• _What the task asks_
Reproduce every record verbatim but drop the pictures.

***** Given information *****

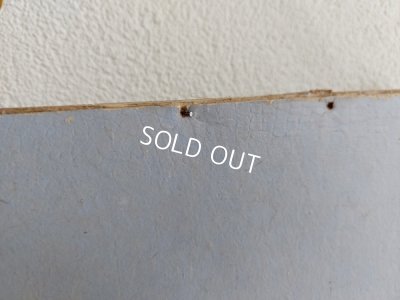 画像12: アンティークカードホルダー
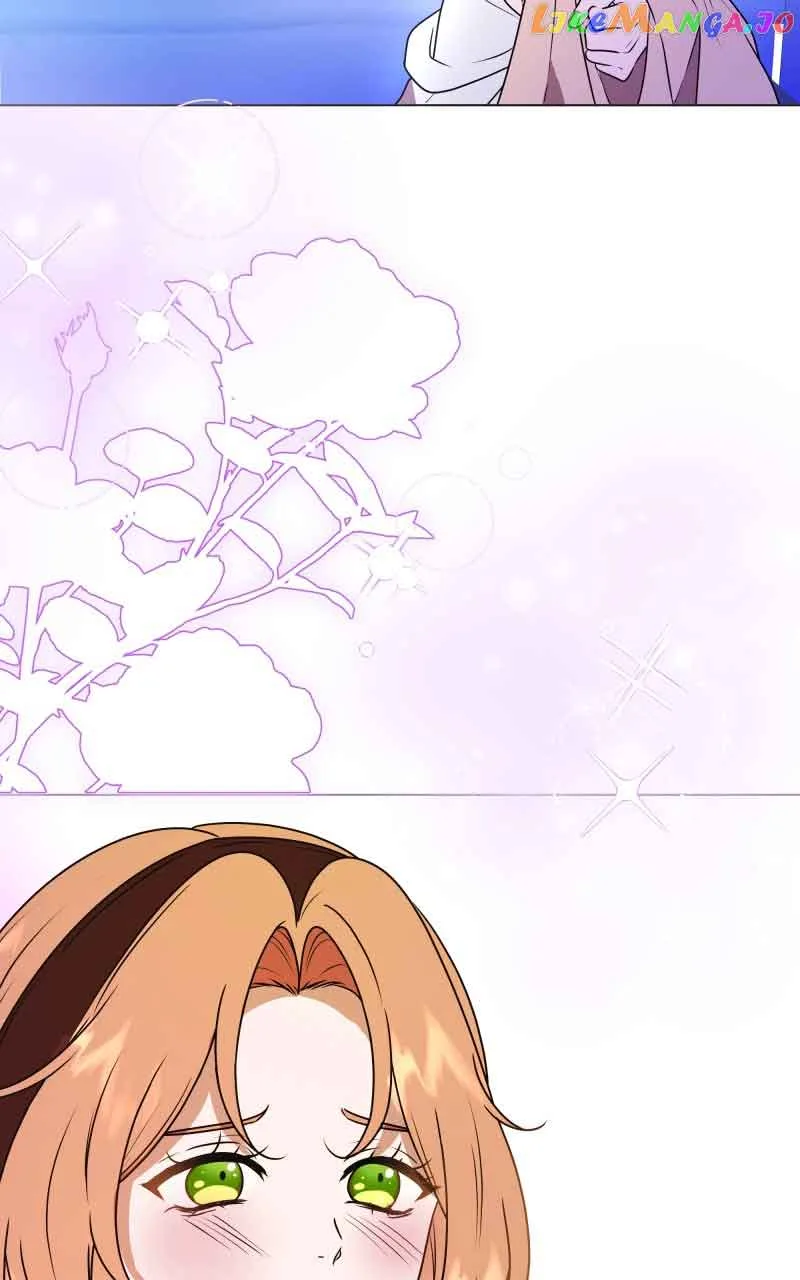 Go Away Romeo Chapter 44 page 38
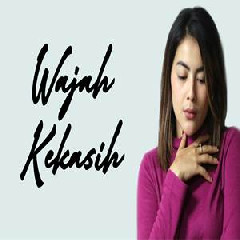 Dila Erista - Wajah Kekasih - Siti Nurhaliza (Cover)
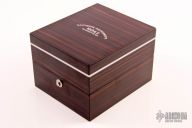  Mühle Glashütte Rasmus 2000 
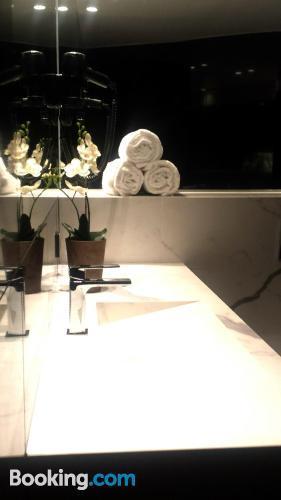 Howard Hotel Paris-Orly Airport Paray-Vieille-Poste Ngoại thất bức ảnh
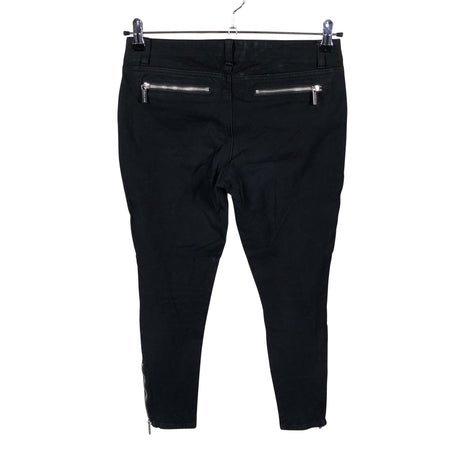 Unisex Michael Kors - Teksad, suurus 36 - Must (2)
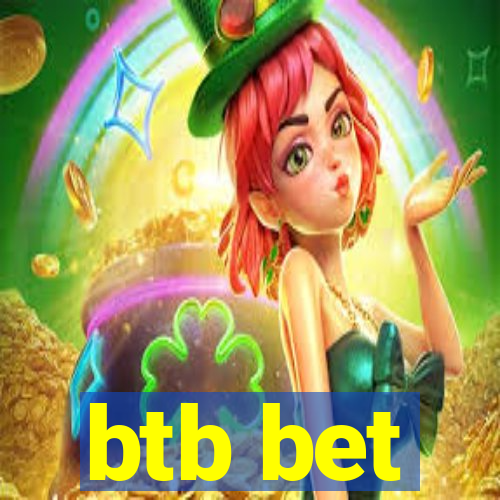 btb bet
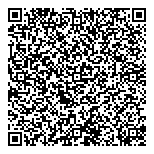 QR код "Трейд парк"
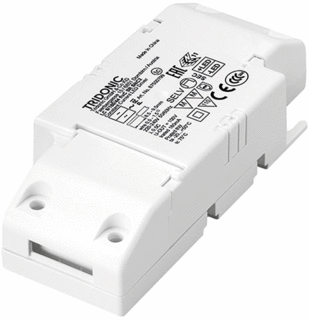 Tridonic LED driver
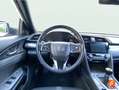 Honda Civic 1.0 VTEC Turbo Elegance Navi Blanco - thumbnail 11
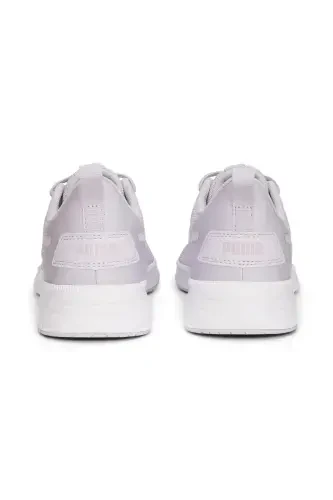 Flyer Flex - Light Purple Women's Sneaker - Lilac - 5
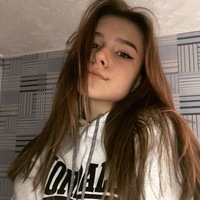 Валерия Разина | Екатеринбург
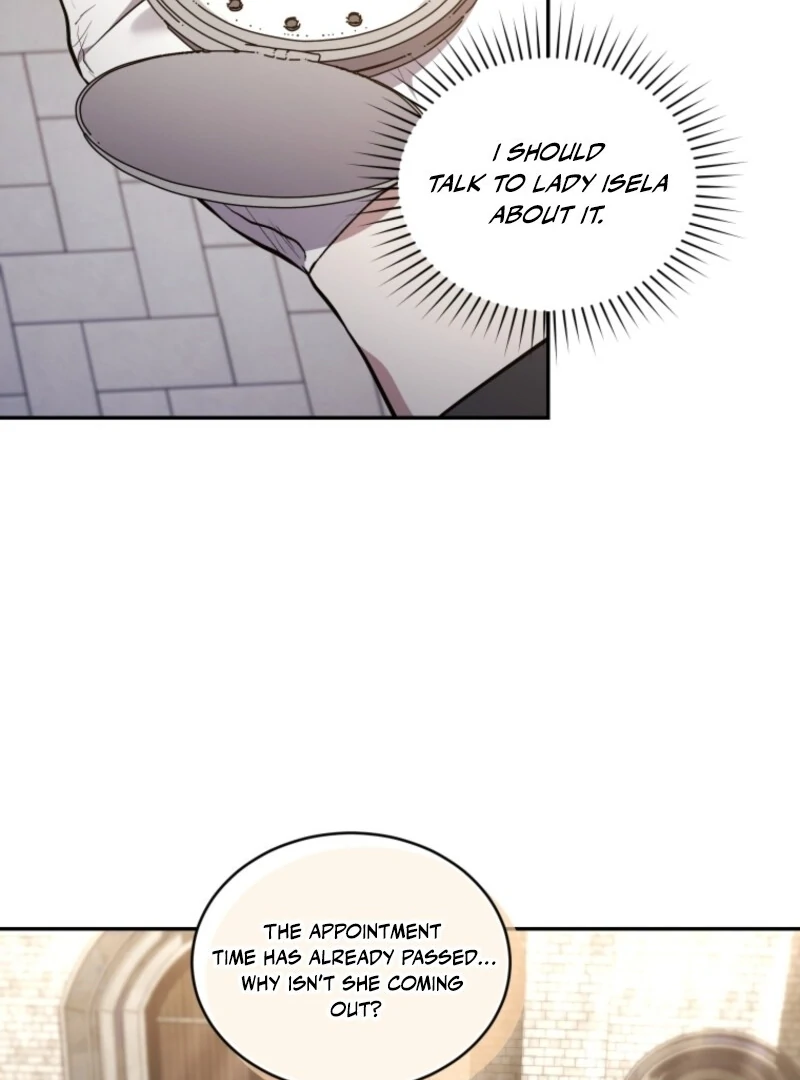 Chapter 122 - Image 9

*****

• _Written response_
 画像12: アンティークカードホルダー
 Go Away Romeo Chapter 44 page 38
 Dila Erista - Wajah Kekasih - Siti Nurhaliza (Cover)
  Mühle Glashütte Rasmus 2000 
 Howard Hotel Paris-Orly Airport Paray-Vieille-Poste Ngoại thất bức ảnh
 Unisex Michael Kors - Teksad, suurus 36 - Must (2)
 btb bet
 QR код "Трейд парк"
 Tridonic LED driver
 Honda Civic 1.0 VTEC Turbo Elegance Navi Blanco - thumbnail 11
 Flyer Flex - Light Purple Women's Sneaker - Lilac - 5
 Валерия Разина | Екатеринбург
 Chapter 122 - Image 9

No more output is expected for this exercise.